- IATA: IGN; ICAO: RPMI;

Summary
- Airport type: Public
- Operator: Civil Aviation Authority of the Philippines
- Serves: Iligan
- Location: Barangay Maria Cristina, Balo-i, Lanao del Norte, Lanao del Norte
- Elevation AMSL: 396 m / 1,300 ft
- Coordinates: 08°07′49.89″N 124°12′53.62″E﻿ / ﻿8.1305250°N 124.2148944°E
- Interactive map of Maria Cristina Airport

Runways
| Direction | Length |  | Surface |
| m | ft |
| 02/20 | 1,400 | 4,593 | Concrete |

= Maria Cristina Airport =

Airport in Lanao del Norte, Philippines

Maria Cristina Airport (Note: Tugpahanan sa Maria Cristina, Landing a Maria Cristina, Paliparan ng Maria Cristina) , also known as Iligan Airport, is an airport serving the general area of Iligan, located in the province of Lanao del Norte in the Philippines.
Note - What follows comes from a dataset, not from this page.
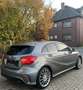 Mercedes-Benz A 180 AMG Line Interior/Exterior,Navi/BI-Xenon,PDC,SHZ Gris - thumbnail 7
It is the only airport in the province. The airport is classified as a secondary airport, or a minor commercial domestic airport, by the Civil Aviation Authority of the Philippines.

Located some 1,300 feet or 396 meters above sea level, Maria Cristina Airport has the distinction of being the highest airport in Mindanao and the second-highest in the Philippines, next to Loakan Airport in Baguio.
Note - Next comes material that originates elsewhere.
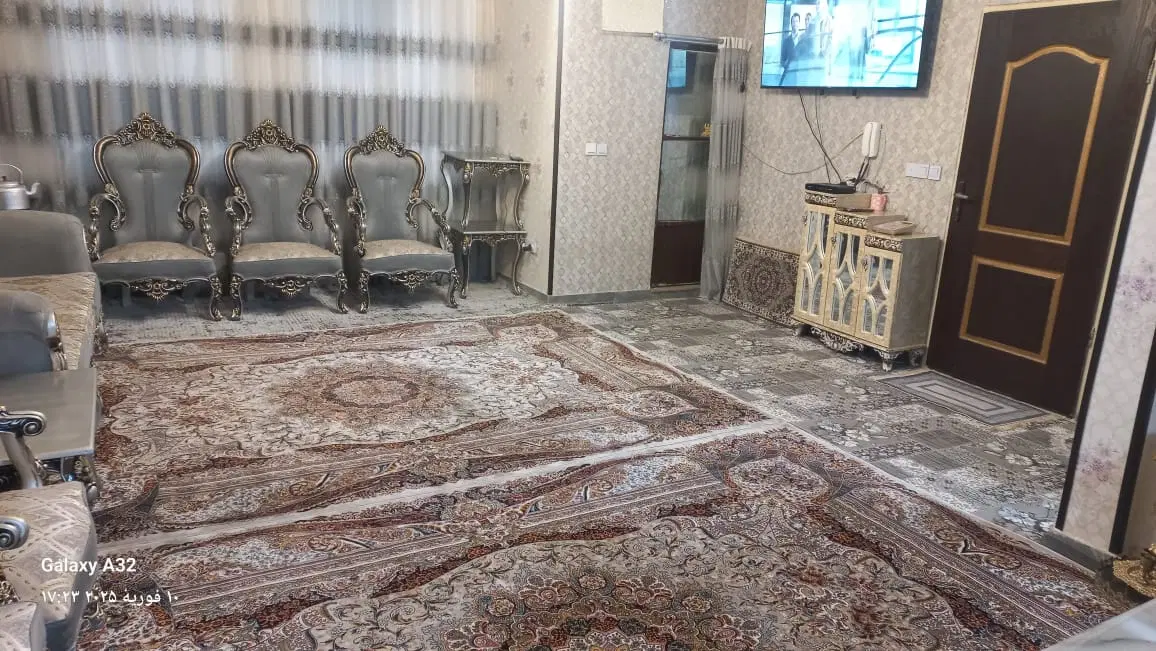 گلستان ۲ طبقه ۲ ، ۷۵ متر مسکونی اجاره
The airport takes its name from its location, Barangay Maria Cristina in the neighboring municipality of Balo-i. However, the airport can also be named after one of Iligan's most famous attractions, Maria Cristina Falls.

With the construction of Laguindingan Airport in Misamis Oriental, designed to serve the Cagayan de Oro-Iligan corridor, this airport was replaced by the new airport along with Lumbia Airport in Cagayan de Oro.

The Laguindingan Airport located in Laguindingan, Misamis Oriental opened in 2013. It is expected to augment the city's need for a nearby airport as the new airport is only 65 kilometers away or at most 35 to 40 minutes away from Iligan. The new airport is a flagship project of the Mindanao Super Regions project as a major project of the Cagayan de Oro-Iligan Corridor (CIC).

==Accidents and incidents==
- Philippine Airlines Flight 443 was on approach to Iligan Airport on December 13, 1987, when it crashed into nearby Mt. Gurain. All 15 passengers and crew on board were killed.